(Records contained in a dataset)
--- --- ---

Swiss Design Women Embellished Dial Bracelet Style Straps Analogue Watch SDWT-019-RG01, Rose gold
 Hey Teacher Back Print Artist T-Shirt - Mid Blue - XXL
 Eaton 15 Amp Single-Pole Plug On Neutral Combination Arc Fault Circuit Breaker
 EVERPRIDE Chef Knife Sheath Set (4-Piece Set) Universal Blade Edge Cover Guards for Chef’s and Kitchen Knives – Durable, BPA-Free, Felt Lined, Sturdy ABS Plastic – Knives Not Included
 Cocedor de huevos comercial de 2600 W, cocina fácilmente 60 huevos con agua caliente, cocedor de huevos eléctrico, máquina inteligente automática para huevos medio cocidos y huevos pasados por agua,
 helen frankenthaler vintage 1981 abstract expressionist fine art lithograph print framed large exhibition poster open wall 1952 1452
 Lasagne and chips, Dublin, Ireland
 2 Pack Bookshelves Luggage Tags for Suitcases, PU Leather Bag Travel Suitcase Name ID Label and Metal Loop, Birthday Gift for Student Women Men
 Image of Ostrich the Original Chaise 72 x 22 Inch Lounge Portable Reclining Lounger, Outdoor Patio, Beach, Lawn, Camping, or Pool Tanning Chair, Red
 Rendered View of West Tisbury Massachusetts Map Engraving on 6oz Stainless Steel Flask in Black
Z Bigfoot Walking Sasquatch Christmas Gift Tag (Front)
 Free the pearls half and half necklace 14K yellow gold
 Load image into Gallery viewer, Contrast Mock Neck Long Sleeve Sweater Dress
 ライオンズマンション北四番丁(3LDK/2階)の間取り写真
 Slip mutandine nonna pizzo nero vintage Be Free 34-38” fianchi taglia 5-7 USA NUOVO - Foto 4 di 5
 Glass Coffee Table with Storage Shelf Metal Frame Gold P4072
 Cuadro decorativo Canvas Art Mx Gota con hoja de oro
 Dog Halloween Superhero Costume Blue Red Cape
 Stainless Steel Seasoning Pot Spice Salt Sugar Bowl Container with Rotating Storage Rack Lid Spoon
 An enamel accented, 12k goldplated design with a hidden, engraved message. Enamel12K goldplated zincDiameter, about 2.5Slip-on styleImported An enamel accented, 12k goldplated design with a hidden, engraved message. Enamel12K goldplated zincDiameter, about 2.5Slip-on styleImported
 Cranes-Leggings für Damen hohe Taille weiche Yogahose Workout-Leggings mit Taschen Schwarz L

--- --- ---

§ Task instructions: Transcribe every entry exactly, omitting nothing.

§ Answer below:
Swiss Design Women Embellished Dial Bracelet Style Straps Analogue Watch SDWT-019-RG01, Rose gold
 Hey Teacher Back Print Artist T-Shirt - Mid Blue - XXL
 Eaton 15 Amp Single-Pole Plug On Neutral Combination Arc Fault Circuit Breaker
 EVERPRIDE Chef Knife Sheath Set (4-Piece Set) Universal Blade Edge Cover Guards for Chef’s and Kitchen Knives – Durable, BPA-Free, Felt Lined, Sturdy ABS Plastic – Knives Not Included
 Cocedor de huevos comercial de 2600 W, cocina fácilmente 60 huevos con agua caliente, cocedor de huevos eléctrico, máquina inteligente automática para huevos medio cocidos y huevos pasados por agua,
 helen frankenthaler vintage 1981 abstract expressionist fine art lithograph print framed large exhibition poster open wall 1952 1452
 Lasagne and chips, Dublin, Ireland
 2 Pack Bookshelves Luggage Tags for Suitcases, PU Leather Bag Travel Suitcase Name ID Label and Metal Loop, Birthday Gift for Student Women Men
 Image of Ostrich the Original Chaise 72 x 22 Inch Lounge Portable Reclining Lounger, Outdoor Patio, Beach, Lawn, Camping, or Pool Tanning Chair, Red
 Rendered View of West Tisbury Massachusetts Map Engraving on 6oz Stainless Steel Flask in Black
Z Bigfoot Walking Sasquatch Christmas Gift Tag (Front)
 Free the pearls half and half necklace 14K yellow gold
 Load image into Gallery viewer, Contrast Mock Neck Long Sleeve Sweater Dress
 ライオンズマンション北四番丁(3LDK/2階)の間取り写真
 Slip mutandine nonna pizzo nero vintage Be Free 34-38” fianchi taglia 5-7 USA NUOVO - Foto 4 di 5
 Glass Coffee Table with Storage Shelf Metal Frame Gold P4072
 Cuadro decorativo Canvas Art Mx Gota con hoja de oro
 Dog Halloween Superhero Costume Blue Red Cape
 Stainless Steel Seasoning Pot Spice Salt Sugar Bowl Container with Rotating Storage Rack Lid Spoon
 An enamel accented, 12k goldplated design with a hidden, engraved message. Enamel12K goldplated zincDiameter, about 2.5Slip-on styleImported An enamel accented, 12k goldplated design with a hidden, engraved message. Enamel12K goldplated zincDiameter, about 2.5Slip-on styleImported
 Cranes-Leggings für Damen hohe Taille weiche Yogahose Workout-Leggings mit Taschen Schwarz L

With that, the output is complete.